Identify the main categories. What main points will you analyze? The introduction describes all of your main points, the rest of your paper can be spent developing those points.
Create the first category. What is the first point you want to cover? If the paper centers around a complicated term, a definition can be a good place to start. For a paper about a particular theory, giving the general background on the theory can be a good place to begin.
Create subcategories. After you have the main point, create points under it that provide support for the main point. The number of categories that you use depends on the amount of information that you are trying to cover; there is no right or wrong number to use.
Once you have developed the basic outline of the paper, organize the contents to match the standard format of a research paper as described in this guide.
III. Things to Consider When Writing an Outline
There is no rule dictating which approach is best. Choose either a topic outline or a sentence outline based on which one you believe will work best for you. However, once you begin developing an outline, it's helpful to stick to only one approach.
Both topic and sentence outlines use Roman and Arabic numerals along with capital and small letters of the alphabet arranged in a consistent and rigid sequence. A rigid format should be used especially if you are required to hand in your outline.
Although the format of an outline is rigid, it shouldn't make you inflexible about how to write your paper. Often when you start investigating a research problem [i.e., reviewing the research literature], especially if you are unfamiliar with the topic, you should anticipate the likelihood your analysis could go in different directions. If your paper changes focus, or you need to add new sections, then feel free to reorganize the outline.
If appropriate, organize the main points of your outline in chronological order. In papers where you need to trace the history or chronology of events or issues, it is important to arrange your outline in the same manner, knowing that it's easier to re-arrange things now than when you've almost finished your paper.
For a standard research paper of 15-20 pages, your outline should be no more than four pages in length. It may be helpful as you are developing your outline to also jot down a tentative list of references.
Four Main Components for Effective Outlines. The Writing Lab and The OWL. Purdue University; How to Make an Outline. Psychology Writing Center. University of Washington; Organization: Informal Outlines. The Reading/Writing Center. Hunter College; Organization: Standard Outline Form. The Reading/Writing Center. Hunter College; Outlining. Department of English Writing Guide. George Mason University; Plotnic, Jerry. Organizing an Essay. University College Writing Centre. University of Toronto; Reverse Outline. The Writing Center. University of North Carolina; Reverse Outlines: A Writer's Technique for Examining Organization. The Writer’s Handbook. Writing Center. University of Wisconsin, Madison; Using Outlines. Writing Tutorial Services, Center for Innovative Teaching and Learning. Indiana University; Writing: Considering Structure and Organization. Institute for Writing Rhetoric. Dartmouth College.

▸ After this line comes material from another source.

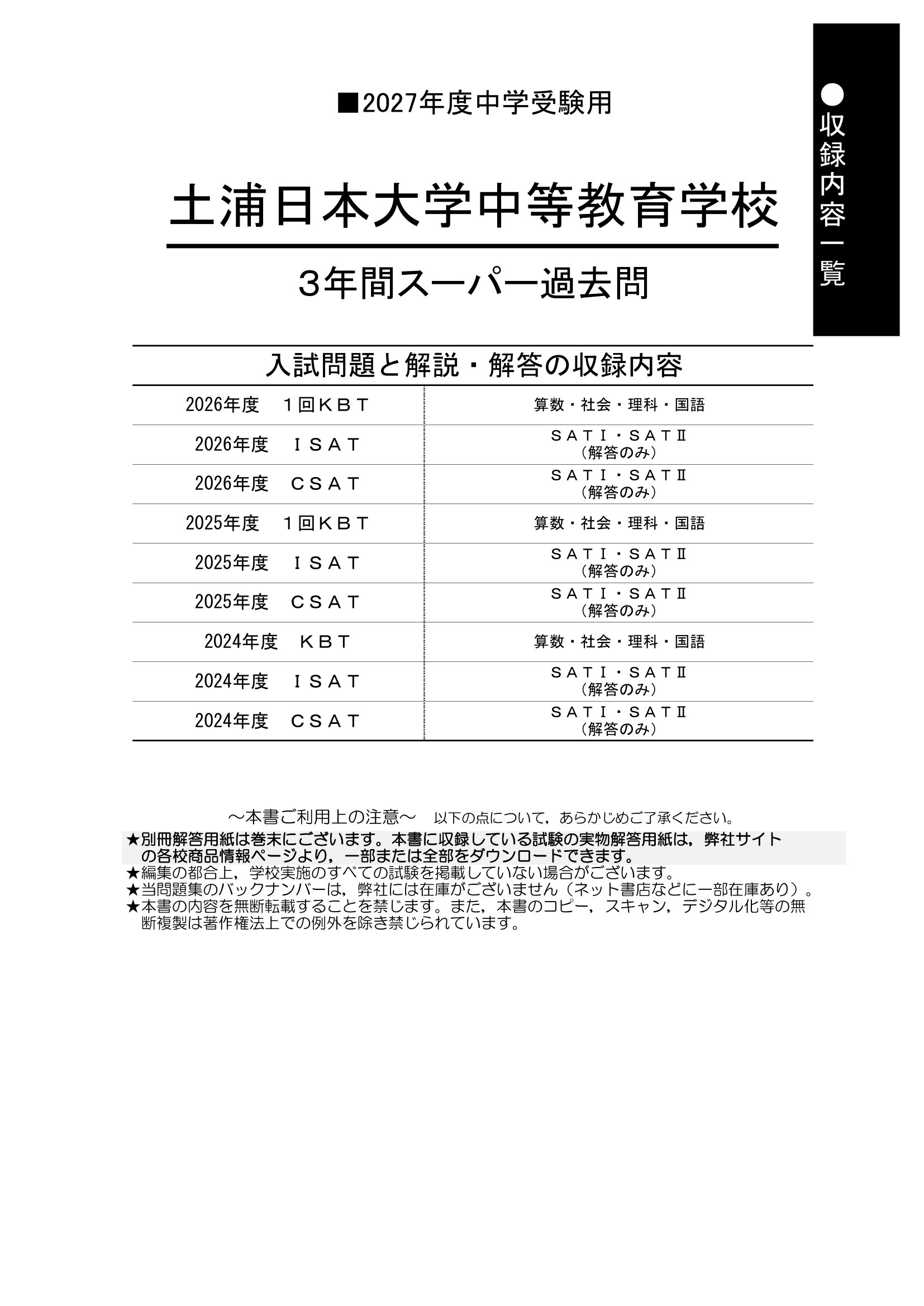 土浦日本大学中等教育学校 2027年度用 スーパー過去問 商品画像2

A Disorganized Outline Means a Disorganized Paper!
If, in writing your paper, it begins to diverge from your outline, this is very likely a sign that you've lost your focus. How do you know whether to change the paper to fit the outline, or, that you need to reconsider the outline so that fits the paper? A good way to check yourself is to use what you have written to recreate the outline. This is an effective strategy for assessing the organization of your paper. If the resulting outline says what you want it to say and it is in an order that is easy to follow, then the organization of your paper has been successful. If you discover that it's difficult to create an outline from what you have written, then you likely need to revise your paper.